#### [Problem to solve]
Transcribe every line of the material below without change, apart from dropping the pictures.

#### [Supplied information]
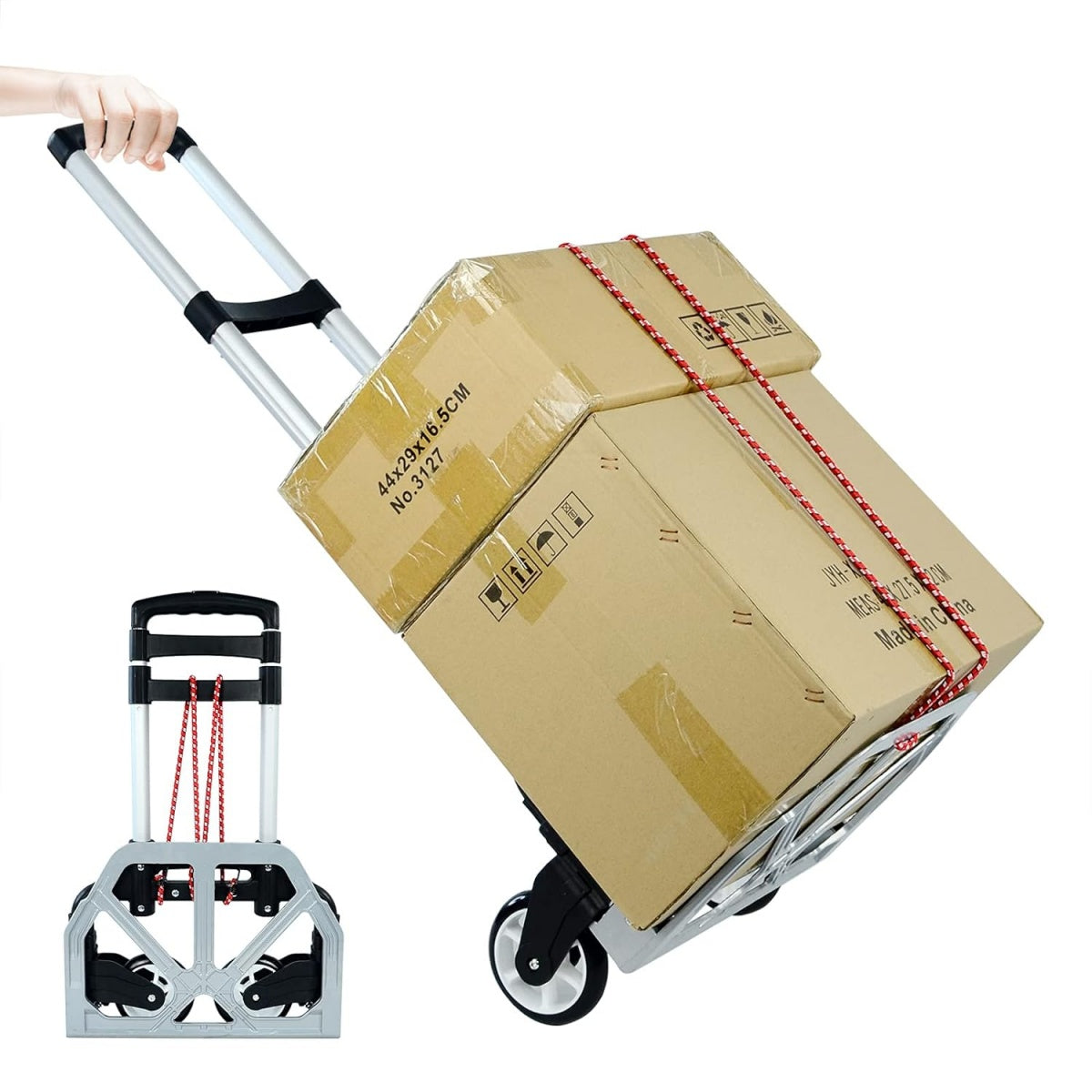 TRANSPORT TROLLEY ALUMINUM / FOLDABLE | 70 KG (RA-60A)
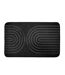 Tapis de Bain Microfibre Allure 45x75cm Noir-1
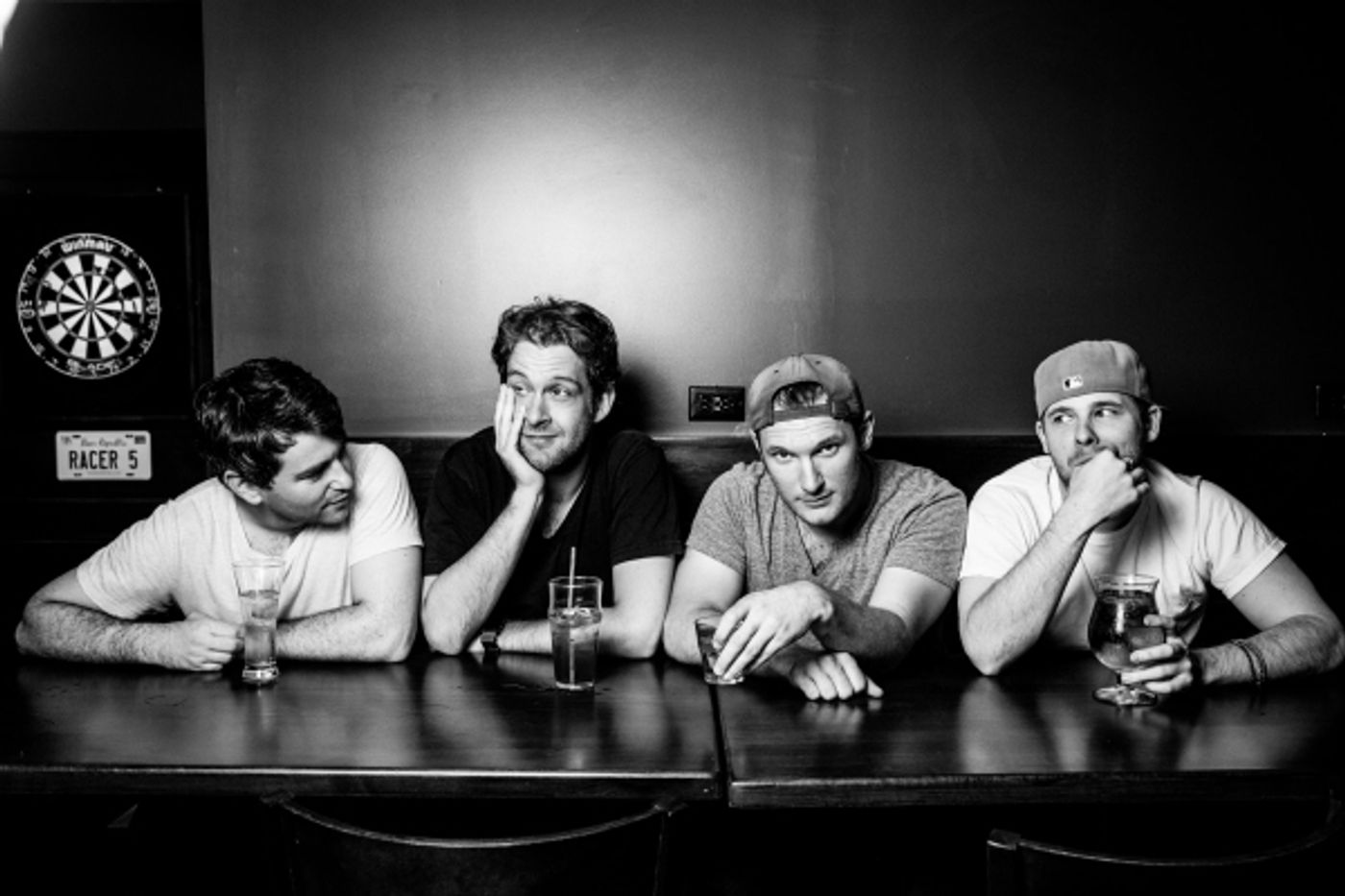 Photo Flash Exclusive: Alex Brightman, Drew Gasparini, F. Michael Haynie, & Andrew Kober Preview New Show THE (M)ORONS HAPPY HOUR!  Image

#### [Reply]
 TRANSPORT TROLLEY ALUMINUM / FOLDABLE | 70 KG (RA-60A)
 Tapis de Bain Microfibre Allure 45x75cm Noir-1
 Photo Flash Exclusive: Alex Brightman, Drew Gasparini, F. Michael Haynie, & Andrew Kober Preview New Show THE (M)ORONS HAPPY HOUR!  Image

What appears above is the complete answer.